AVAILABLE DATA: Begin
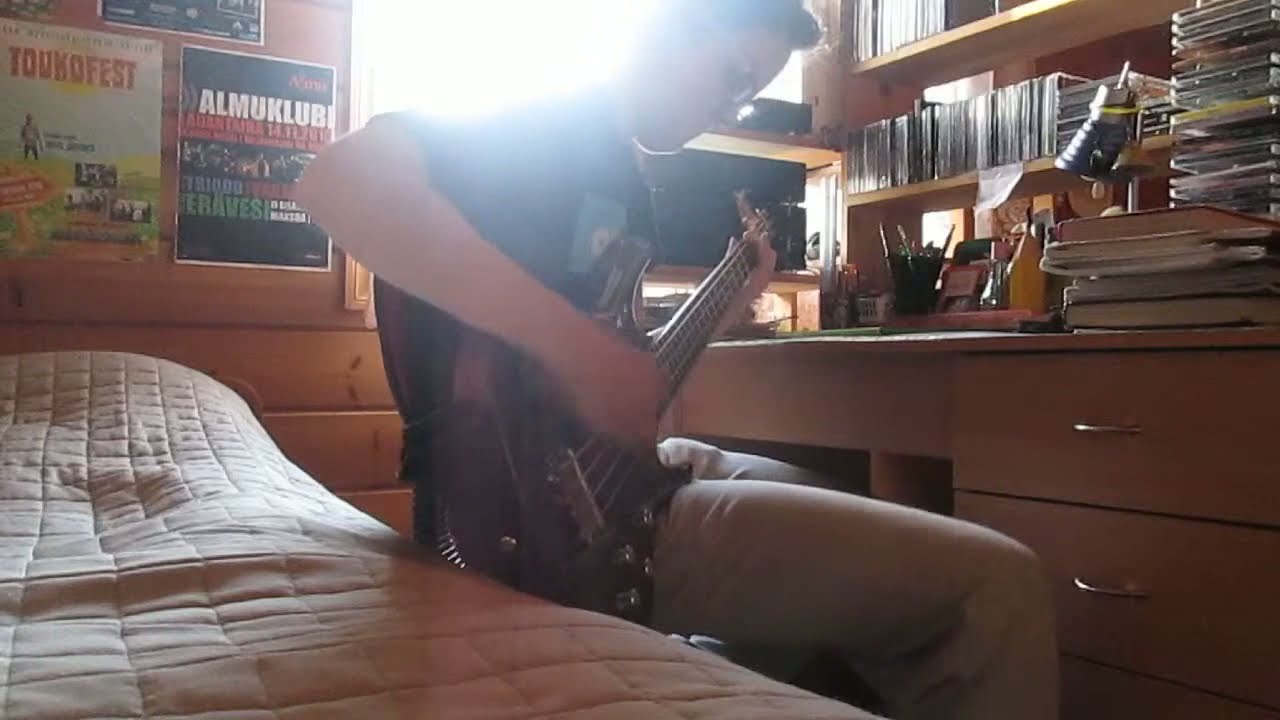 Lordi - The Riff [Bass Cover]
AVAILABLE DATA: End
AVAILABLE DATA: Begin
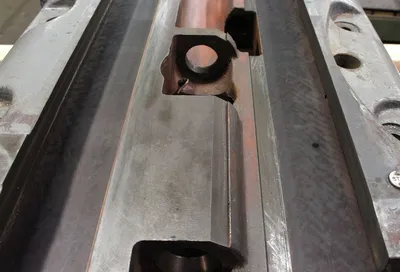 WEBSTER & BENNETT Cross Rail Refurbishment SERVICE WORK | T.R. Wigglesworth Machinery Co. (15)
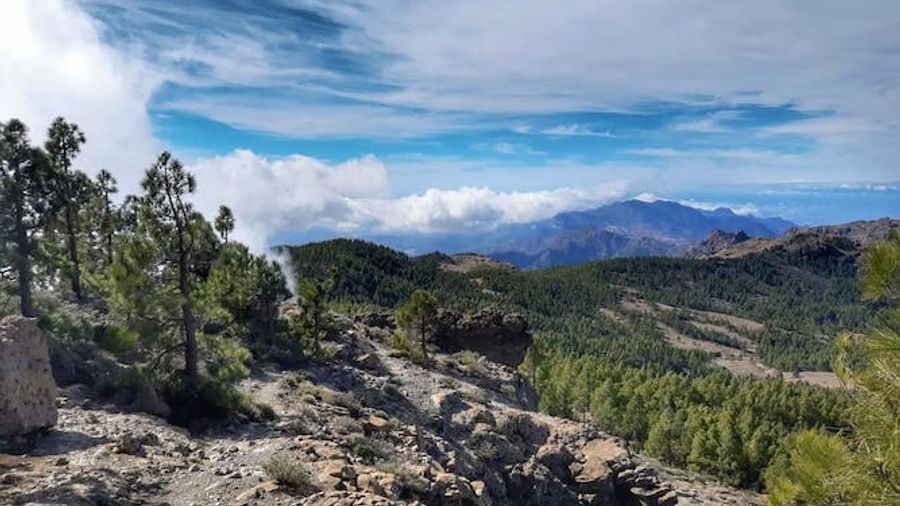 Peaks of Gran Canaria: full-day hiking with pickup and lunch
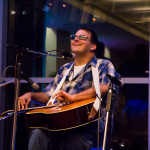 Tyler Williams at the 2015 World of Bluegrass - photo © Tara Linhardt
AVAILABLE DATA: End
AVAILABLE DATA: Begin
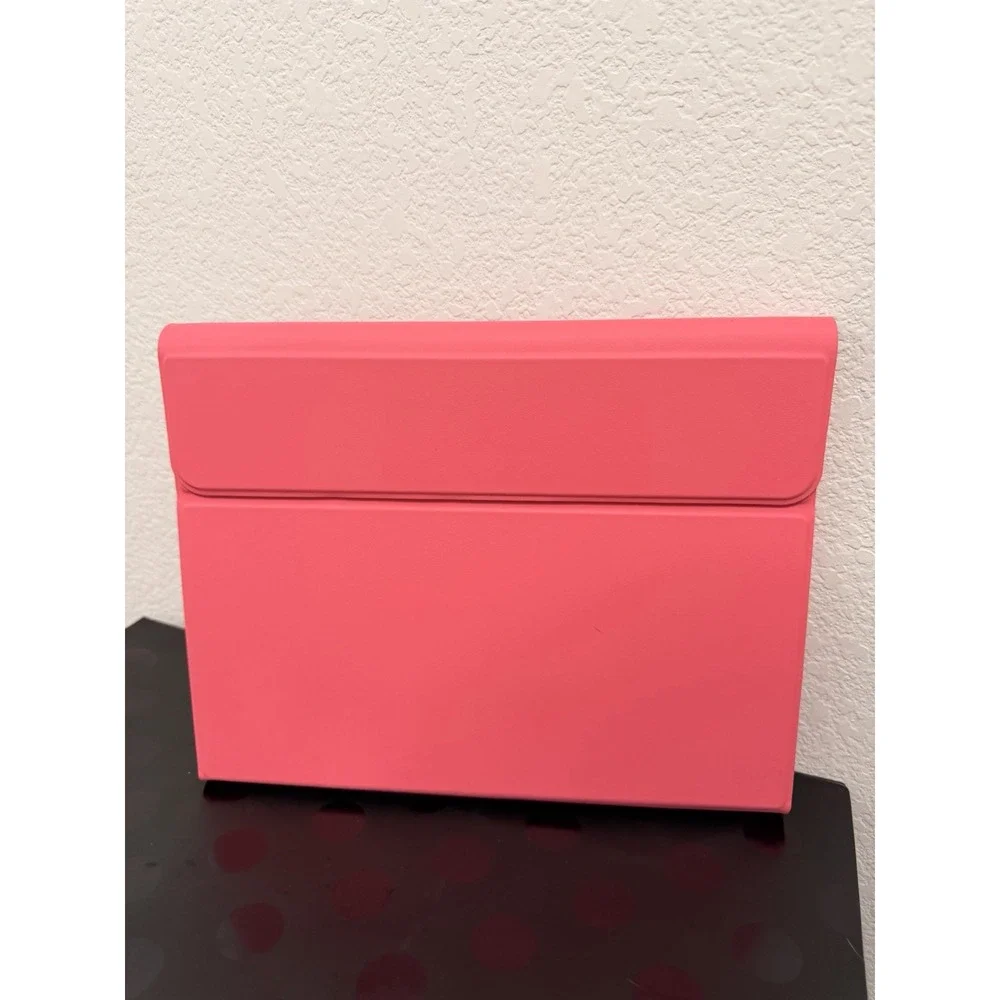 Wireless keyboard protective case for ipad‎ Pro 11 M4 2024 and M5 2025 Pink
AVAILABLE DATA: End
Would you output only the span of the records above that opens with the line containing "Peaks of Gran" and closes with the line containing "Tyler Williams at", ends included and pictures dropped?

### YOUR SOLUTION
 Peaks of Gran Canaria: full-day hiking with pickup and lunch
 Tyler Williams at the 2015 World of Bluegrass - photo © Tara Linhardt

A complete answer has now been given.